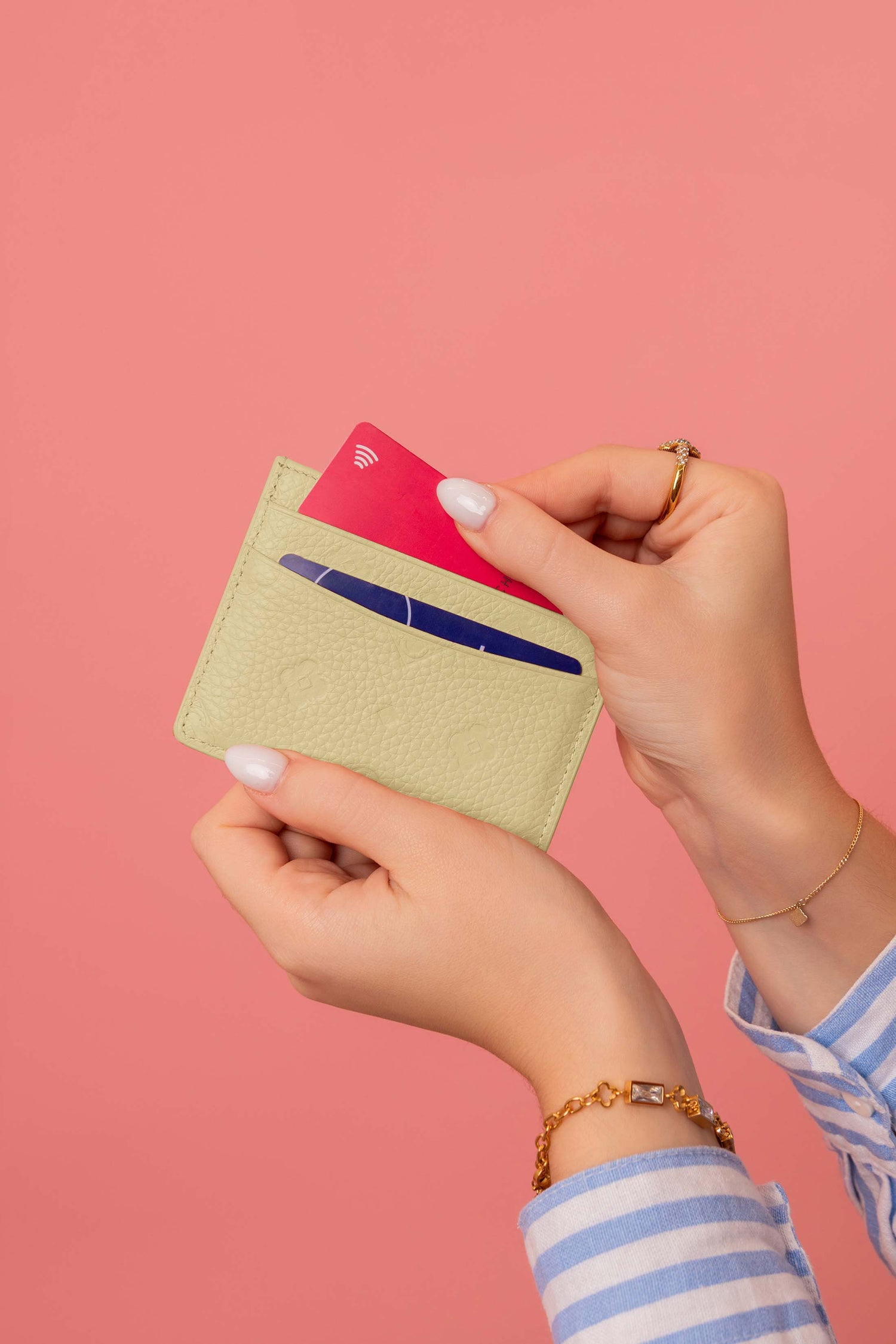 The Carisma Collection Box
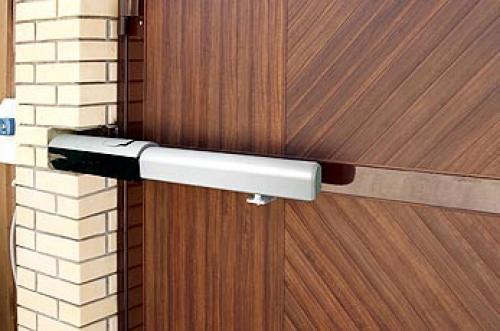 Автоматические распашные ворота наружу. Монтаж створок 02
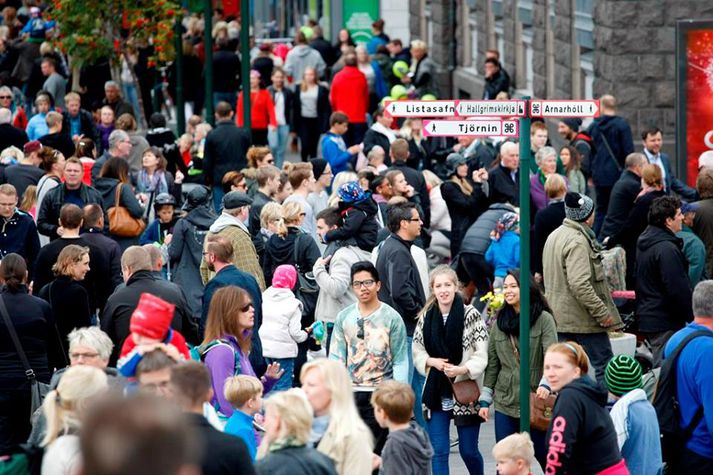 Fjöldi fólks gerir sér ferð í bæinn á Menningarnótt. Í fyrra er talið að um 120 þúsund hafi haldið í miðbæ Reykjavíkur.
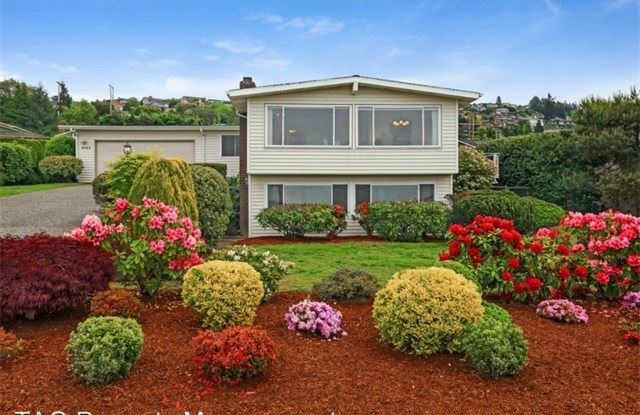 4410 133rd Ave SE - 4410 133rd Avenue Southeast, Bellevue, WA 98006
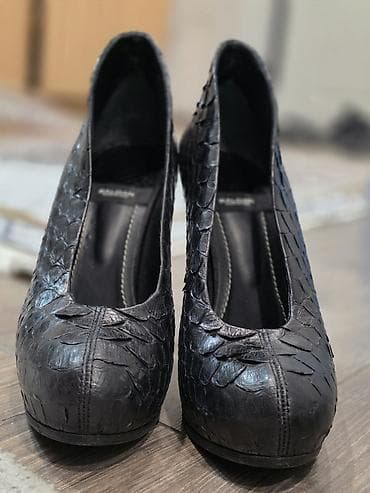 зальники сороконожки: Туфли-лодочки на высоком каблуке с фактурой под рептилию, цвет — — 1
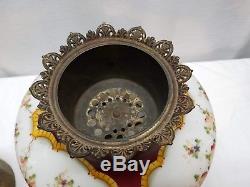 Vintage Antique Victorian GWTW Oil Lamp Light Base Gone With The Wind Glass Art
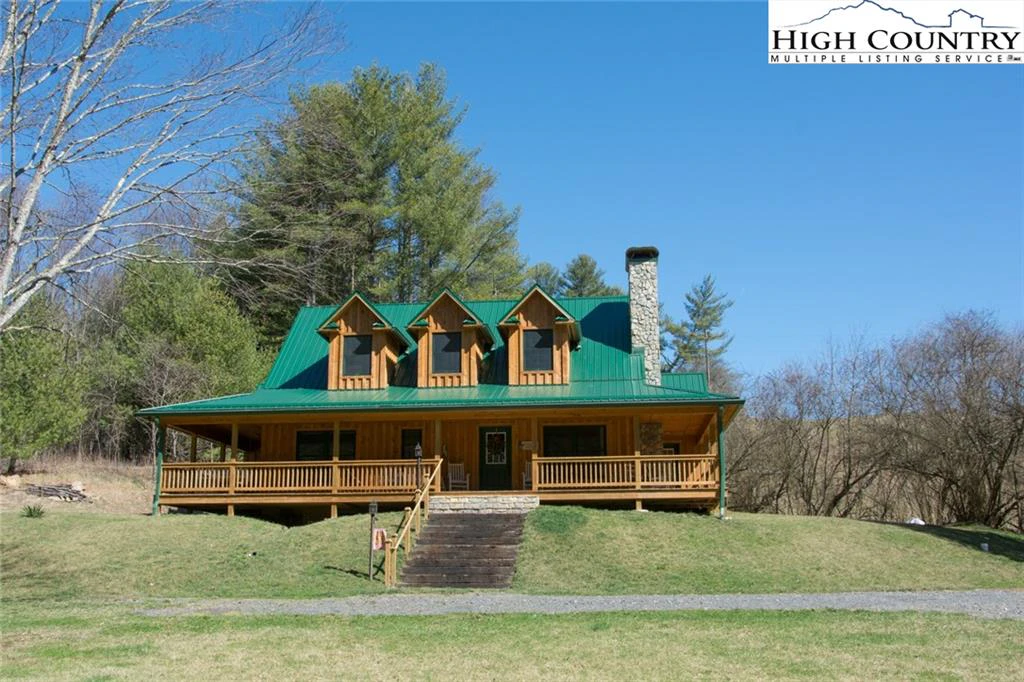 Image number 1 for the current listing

§ **Your instructions**:
Take the lines from the one containing "4410 133rd Ave SE" through the last line of the listing and repeat them exactly. Omit the pictures.

§ **Written answer**:
 4410 133rd Ave SE - 4410 133rd Avenue Southeast, Bellevue, WA 98006
 зальники сороконожки: Туфли-лодочки на высоком каблуке с фактурой под рептилию, цвет — — 1
 Vintage Antique Victorian GWTW Oil Lamp Light Base Gone With The Wind Glass Art
 Image number 1 for the current listing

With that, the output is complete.